#### Information provided

□ □ □ □ □ □ □

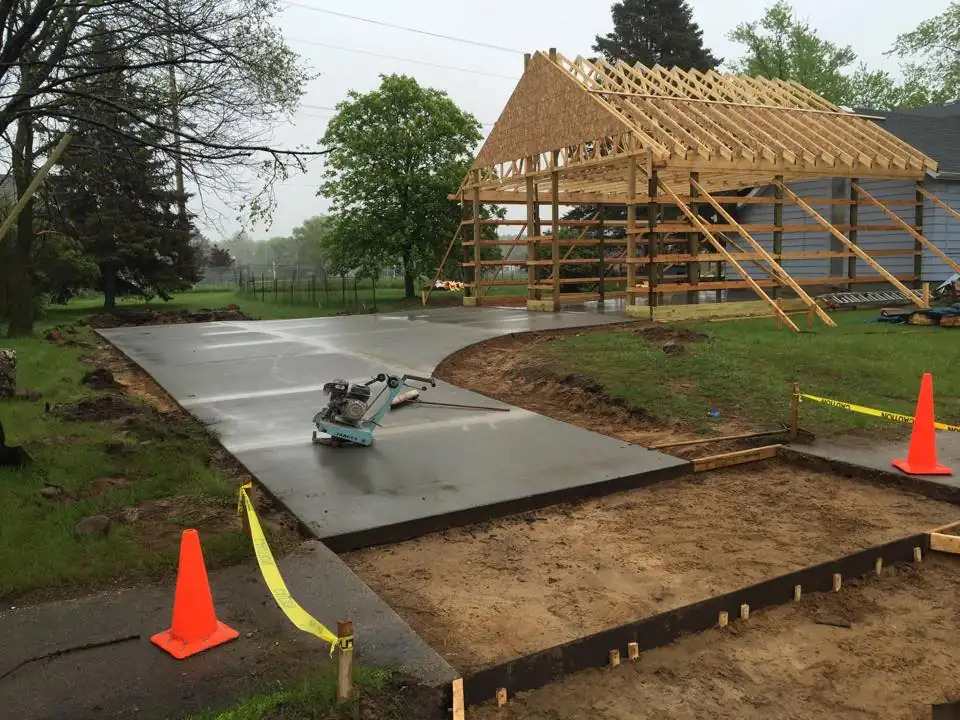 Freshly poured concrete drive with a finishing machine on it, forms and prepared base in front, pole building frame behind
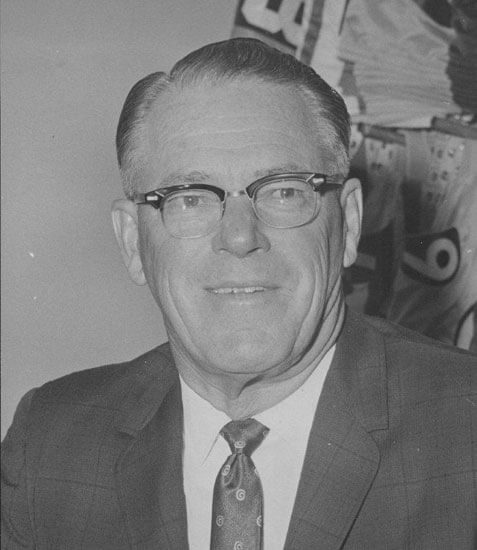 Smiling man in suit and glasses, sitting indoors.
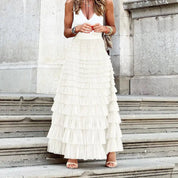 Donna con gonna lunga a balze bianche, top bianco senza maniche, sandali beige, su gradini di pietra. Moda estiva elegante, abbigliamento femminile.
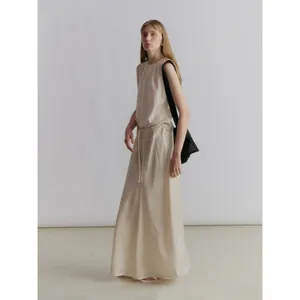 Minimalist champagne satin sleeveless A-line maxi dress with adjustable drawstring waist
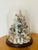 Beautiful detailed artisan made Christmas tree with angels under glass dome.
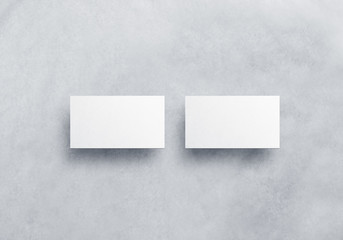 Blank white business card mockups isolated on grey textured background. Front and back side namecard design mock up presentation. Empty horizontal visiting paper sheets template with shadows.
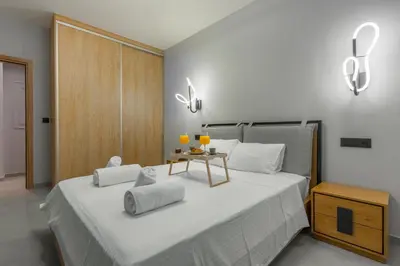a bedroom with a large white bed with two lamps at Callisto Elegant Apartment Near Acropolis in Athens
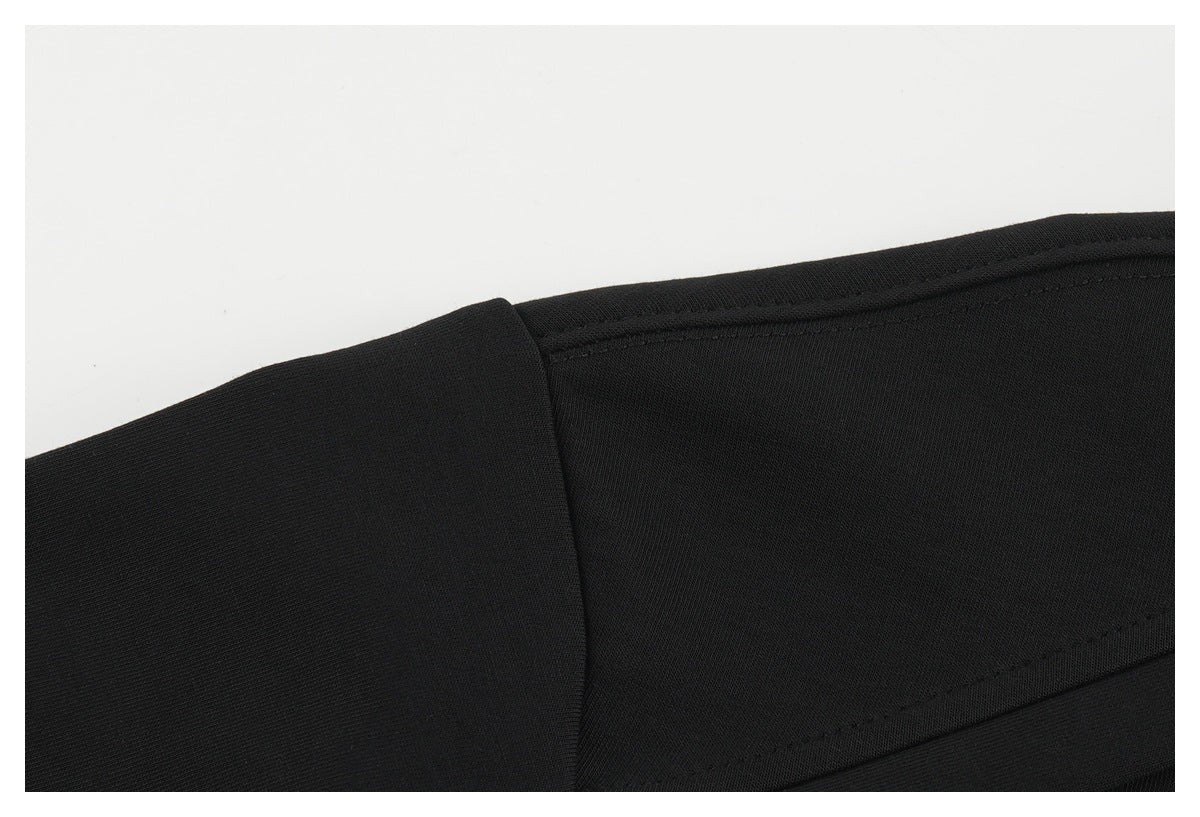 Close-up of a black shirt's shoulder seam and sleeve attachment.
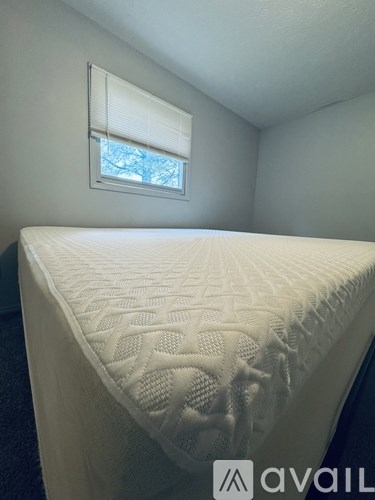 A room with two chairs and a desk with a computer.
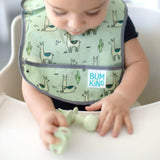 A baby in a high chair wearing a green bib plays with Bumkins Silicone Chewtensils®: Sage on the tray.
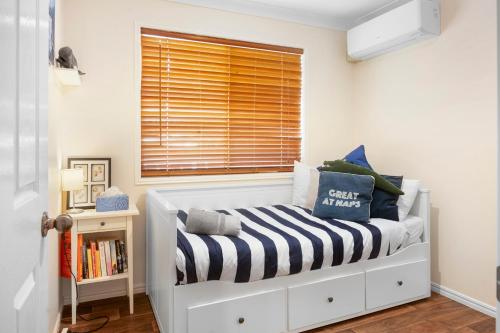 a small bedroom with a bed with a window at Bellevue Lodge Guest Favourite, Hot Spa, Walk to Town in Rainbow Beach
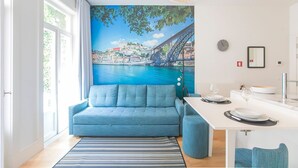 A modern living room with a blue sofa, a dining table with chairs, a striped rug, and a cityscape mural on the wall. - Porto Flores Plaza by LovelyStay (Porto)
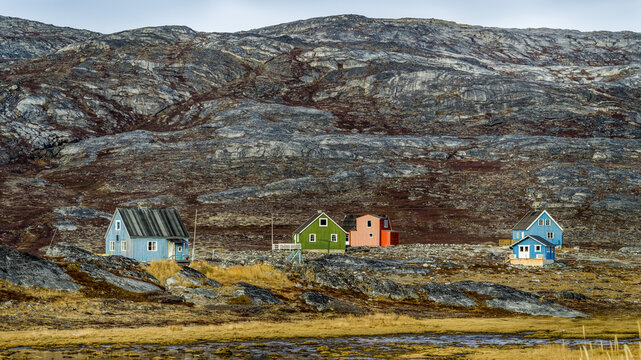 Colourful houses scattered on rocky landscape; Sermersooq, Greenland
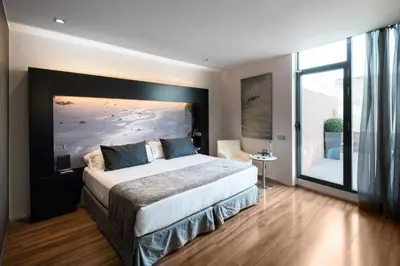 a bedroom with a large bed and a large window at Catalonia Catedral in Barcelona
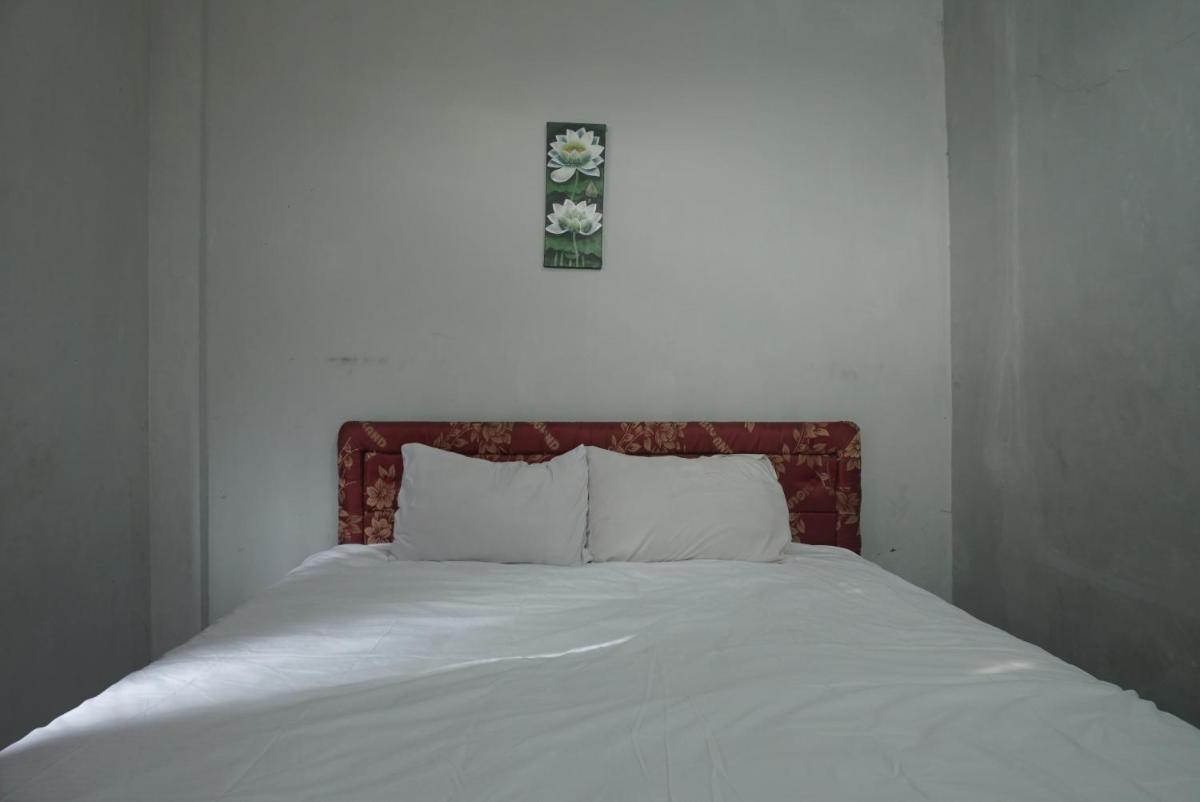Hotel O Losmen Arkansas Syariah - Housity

□ □ □ □ □ □ □

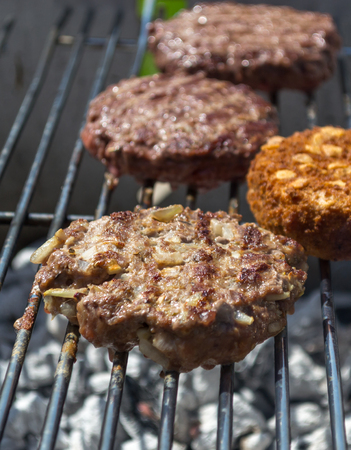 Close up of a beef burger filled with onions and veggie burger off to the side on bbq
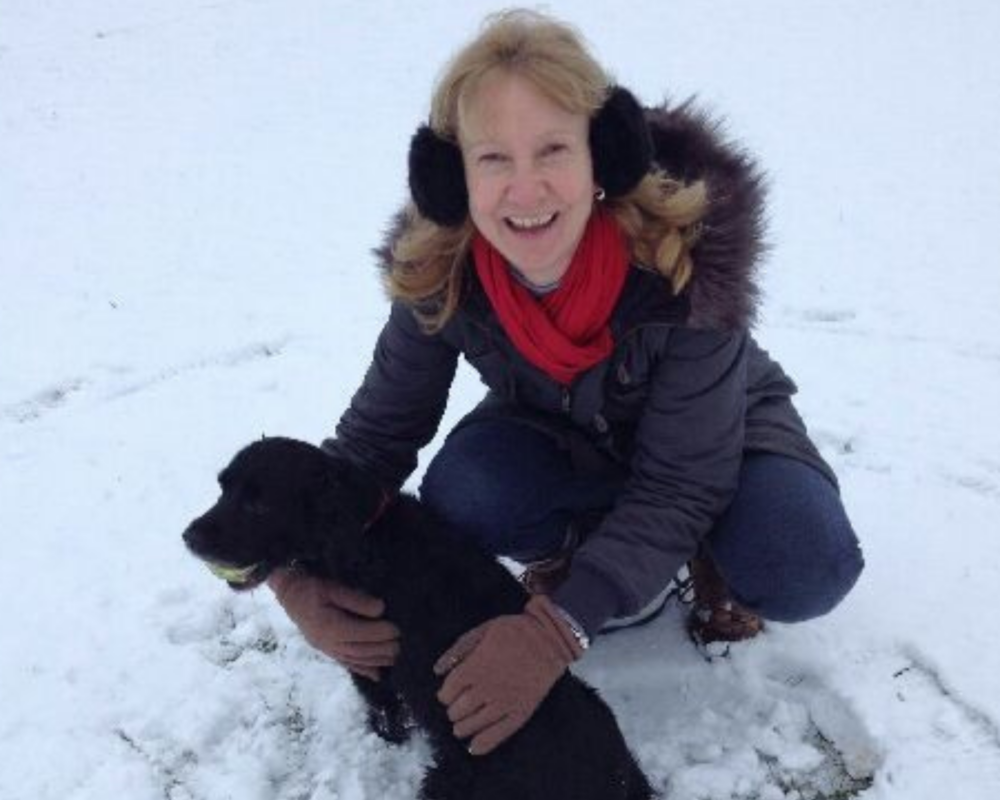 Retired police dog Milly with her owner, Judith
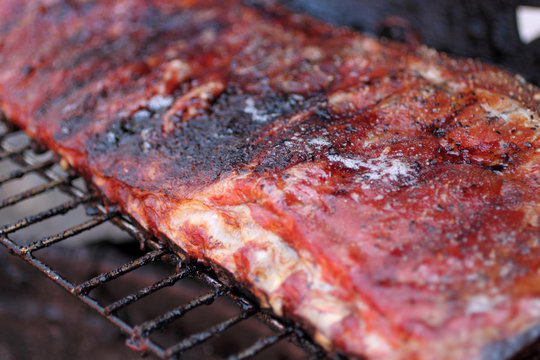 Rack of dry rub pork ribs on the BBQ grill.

□ □ □ □ □ □ □

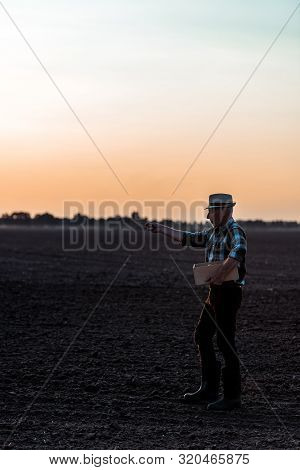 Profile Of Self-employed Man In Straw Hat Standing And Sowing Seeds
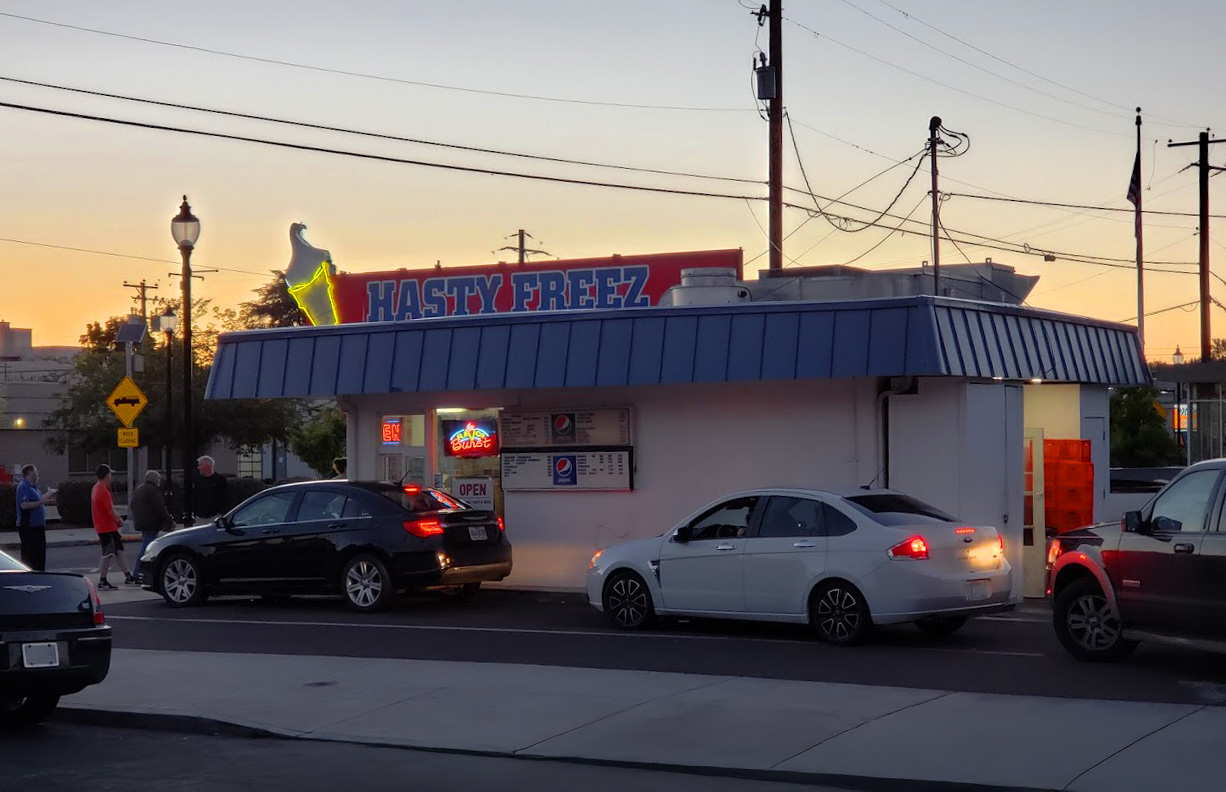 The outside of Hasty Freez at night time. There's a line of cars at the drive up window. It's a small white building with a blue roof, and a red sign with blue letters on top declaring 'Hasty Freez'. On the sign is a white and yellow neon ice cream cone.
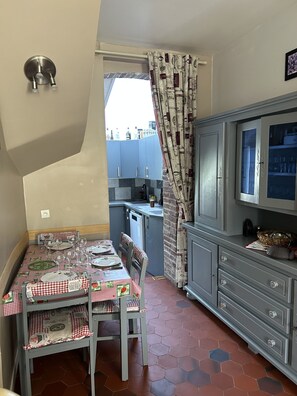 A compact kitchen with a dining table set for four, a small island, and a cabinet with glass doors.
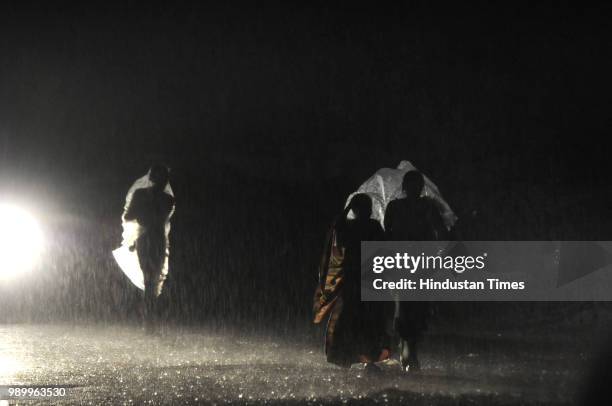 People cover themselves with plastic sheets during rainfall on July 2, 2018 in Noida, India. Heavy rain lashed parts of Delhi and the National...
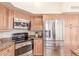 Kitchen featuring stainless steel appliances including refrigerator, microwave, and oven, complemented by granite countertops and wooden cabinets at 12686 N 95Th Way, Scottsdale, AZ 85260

□ □ □ □ □ □ □

#### Work item
Above are some entries. Restate word for word the lines from the one holding "Profile Of Self-employed" through the one holding "A compact kitchen", but not the pictures.

#### Response below
 Profile Of Self-employed Man In Straw Hat Standing And Sowing Seeds
 The outside of Hasty Freez at night time. There's a line of cars at the drive up window. It's a small white building with a blue roof, and a red sign with blue letters on top declaring 'Hasty Freez'. On the sign is a white and yellow neon ice cream cone.
 A compact kitchen with a dining table set for four, a small island, and a cabinet with glass doors.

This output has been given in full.